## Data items
+--

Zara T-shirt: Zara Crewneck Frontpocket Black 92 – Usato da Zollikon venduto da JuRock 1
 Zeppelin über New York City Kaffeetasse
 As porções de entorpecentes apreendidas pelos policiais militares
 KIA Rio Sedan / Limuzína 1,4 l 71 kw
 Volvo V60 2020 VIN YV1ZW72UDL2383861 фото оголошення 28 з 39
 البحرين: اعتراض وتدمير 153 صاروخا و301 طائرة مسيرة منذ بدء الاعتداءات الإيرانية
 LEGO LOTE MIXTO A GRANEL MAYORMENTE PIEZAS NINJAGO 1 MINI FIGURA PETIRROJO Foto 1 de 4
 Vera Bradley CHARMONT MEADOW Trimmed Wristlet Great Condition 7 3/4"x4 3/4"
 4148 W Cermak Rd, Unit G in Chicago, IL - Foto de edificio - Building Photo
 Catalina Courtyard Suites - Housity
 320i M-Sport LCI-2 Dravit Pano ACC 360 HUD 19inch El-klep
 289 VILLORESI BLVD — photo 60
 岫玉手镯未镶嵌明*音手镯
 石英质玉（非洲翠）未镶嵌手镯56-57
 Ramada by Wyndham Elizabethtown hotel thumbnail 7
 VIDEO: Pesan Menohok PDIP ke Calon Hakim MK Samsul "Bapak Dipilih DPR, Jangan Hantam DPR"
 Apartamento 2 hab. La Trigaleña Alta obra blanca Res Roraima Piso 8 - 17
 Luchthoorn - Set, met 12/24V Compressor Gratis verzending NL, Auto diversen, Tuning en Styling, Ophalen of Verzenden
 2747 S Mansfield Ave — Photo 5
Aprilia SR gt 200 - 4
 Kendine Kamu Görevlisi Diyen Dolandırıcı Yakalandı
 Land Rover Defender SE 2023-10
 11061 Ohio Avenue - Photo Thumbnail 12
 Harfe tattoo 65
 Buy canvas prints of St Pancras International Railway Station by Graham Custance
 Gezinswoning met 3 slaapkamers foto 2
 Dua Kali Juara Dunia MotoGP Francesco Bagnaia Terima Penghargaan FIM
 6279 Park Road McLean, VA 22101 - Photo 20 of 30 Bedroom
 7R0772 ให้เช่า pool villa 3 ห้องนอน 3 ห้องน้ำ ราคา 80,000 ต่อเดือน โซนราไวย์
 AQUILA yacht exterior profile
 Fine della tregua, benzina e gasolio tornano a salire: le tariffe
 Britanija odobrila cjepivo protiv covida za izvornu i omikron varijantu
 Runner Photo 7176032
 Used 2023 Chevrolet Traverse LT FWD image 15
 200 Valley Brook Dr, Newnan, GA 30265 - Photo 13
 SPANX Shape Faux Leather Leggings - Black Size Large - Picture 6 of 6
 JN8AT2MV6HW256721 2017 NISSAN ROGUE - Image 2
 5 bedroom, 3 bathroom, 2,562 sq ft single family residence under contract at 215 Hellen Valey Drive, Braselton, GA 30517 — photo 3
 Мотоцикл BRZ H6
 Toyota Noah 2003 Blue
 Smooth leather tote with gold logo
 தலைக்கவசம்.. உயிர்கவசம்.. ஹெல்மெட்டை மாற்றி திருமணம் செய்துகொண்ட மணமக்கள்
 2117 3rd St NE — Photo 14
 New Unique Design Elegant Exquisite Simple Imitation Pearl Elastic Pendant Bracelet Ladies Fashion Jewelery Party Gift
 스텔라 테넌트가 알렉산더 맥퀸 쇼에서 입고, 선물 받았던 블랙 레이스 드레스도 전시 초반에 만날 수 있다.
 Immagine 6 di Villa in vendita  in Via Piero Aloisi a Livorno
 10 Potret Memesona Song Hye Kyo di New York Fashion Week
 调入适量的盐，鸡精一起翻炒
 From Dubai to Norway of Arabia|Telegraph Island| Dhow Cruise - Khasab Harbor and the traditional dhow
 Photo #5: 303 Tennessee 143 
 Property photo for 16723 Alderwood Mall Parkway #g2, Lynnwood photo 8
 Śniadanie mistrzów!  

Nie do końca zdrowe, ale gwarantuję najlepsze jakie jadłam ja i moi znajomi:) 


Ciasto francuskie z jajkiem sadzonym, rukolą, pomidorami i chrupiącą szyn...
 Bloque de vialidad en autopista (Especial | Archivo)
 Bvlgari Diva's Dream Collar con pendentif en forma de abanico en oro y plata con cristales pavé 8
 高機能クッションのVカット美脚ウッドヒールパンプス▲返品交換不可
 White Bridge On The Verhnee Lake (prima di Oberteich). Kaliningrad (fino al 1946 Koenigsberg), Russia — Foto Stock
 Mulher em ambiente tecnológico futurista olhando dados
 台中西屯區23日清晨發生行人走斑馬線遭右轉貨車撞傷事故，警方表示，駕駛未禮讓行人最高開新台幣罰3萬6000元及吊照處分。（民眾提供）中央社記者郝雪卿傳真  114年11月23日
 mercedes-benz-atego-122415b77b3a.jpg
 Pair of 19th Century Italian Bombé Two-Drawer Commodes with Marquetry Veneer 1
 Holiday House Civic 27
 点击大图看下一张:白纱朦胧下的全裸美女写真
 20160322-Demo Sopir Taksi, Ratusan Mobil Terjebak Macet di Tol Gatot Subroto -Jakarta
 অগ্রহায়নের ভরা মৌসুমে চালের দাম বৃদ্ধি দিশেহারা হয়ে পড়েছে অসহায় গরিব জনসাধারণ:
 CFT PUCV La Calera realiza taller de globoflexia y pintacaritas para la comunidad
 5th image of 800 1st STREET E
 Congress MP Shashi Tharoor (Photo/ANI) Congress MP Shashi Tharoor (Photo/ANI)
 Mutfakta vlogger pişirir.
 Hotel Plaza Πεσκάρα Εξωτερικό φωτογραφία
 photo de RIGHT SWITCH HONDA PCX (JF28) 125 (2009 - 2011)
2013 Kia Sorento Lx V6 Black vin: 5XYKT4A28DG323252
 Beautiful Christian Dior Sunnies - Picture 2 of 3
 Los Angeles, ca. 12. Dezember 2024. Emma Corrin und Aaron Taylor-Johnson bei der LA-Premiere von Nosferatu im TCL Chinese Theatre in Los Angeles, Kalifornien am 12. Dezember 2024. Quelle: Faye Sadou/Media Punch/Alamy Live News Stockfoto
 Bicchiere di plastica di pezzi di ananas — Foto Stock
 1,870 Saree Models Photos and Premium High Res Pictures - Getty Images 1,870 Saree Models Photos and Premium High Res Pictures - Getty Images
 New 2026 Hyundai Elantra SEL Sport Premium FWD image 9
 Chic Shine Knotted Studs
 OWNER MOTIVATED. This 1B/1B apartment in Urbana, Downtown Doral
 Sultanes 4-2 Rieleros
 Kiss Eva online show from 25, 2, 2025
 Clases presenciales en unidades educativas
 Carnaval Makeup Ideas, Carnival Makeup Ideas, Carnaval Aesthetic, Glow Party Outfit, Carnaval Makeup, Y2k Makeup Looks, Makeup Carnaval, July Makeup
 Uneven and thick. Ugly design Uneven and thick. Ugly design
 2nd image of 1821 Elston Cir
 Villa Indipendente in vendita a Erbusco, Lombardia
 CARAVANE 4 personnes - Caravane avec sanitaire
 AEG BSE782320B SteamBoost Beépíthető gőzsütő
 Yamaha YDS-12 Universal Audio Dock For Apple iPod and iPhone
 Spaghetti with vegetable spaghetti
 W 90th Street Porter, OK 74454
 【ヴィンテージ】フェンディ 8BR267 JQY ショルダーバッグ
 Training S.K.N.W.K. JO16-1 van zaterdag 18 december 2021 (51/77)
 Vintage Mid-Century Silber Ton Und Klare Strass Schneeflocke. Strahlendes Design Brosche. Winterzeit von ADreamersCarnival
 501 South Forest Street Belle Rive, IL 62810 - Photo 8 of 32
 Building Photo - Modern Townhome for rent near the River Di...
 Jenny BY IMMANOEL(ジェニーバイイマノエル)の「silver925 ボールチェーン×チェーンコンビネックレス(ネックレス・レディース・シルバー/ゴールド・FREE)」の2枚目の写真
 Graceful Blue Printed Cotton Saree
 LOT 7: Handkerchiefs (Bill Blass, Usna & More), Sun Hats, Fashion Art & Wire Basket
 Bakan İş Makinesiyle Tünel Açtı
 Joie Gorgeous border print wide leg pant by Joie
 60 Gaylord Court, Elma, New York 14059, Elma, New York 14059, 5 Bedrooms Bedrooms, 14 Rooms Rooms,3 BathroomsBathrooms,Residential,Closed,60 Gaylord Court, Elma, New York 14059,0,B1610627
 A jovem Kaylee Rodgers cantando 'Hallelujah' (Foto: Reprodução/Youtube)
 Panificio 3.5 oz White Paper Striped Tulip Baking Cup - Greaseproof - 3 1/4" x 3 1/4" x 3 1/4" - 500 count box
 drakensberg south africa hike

+--

Using the entries above, return exactly the lines from the line with "VIDEO: Pesan Menohok" to the line with "Buy canvas prints", counting both of those lines.

## ANSWER SECTION
 VIDEO: Pesan Menohok PDIP ke Calon Hakim MK Samsul "Bapak Dipilih DPR, Jangan Hantam DPR"
 Apartamento 2 hab. La Trigaleña Alta obra blanca Res Roraima Piso 8 - 17
 Luchthoorn - Set, met 12/24V Compressor Gratis verzending NL, Auto diversen, Tuning en Styling, Ophalen of Verzenden
 2747 S Mansfield Ave — Photo 5
Aprilia SR gt 200 - 4
 Kendine Kamu Görevlisi Diyen Dolandırıcı Yakalandı
 Land Rover Defender SE 2023-10
 11061 Ohio Avenue - Photo Thumbnail 12
 Harfe tattoo 65
 Buy canvas prints of St Pancras International Railway Station by Graham Custance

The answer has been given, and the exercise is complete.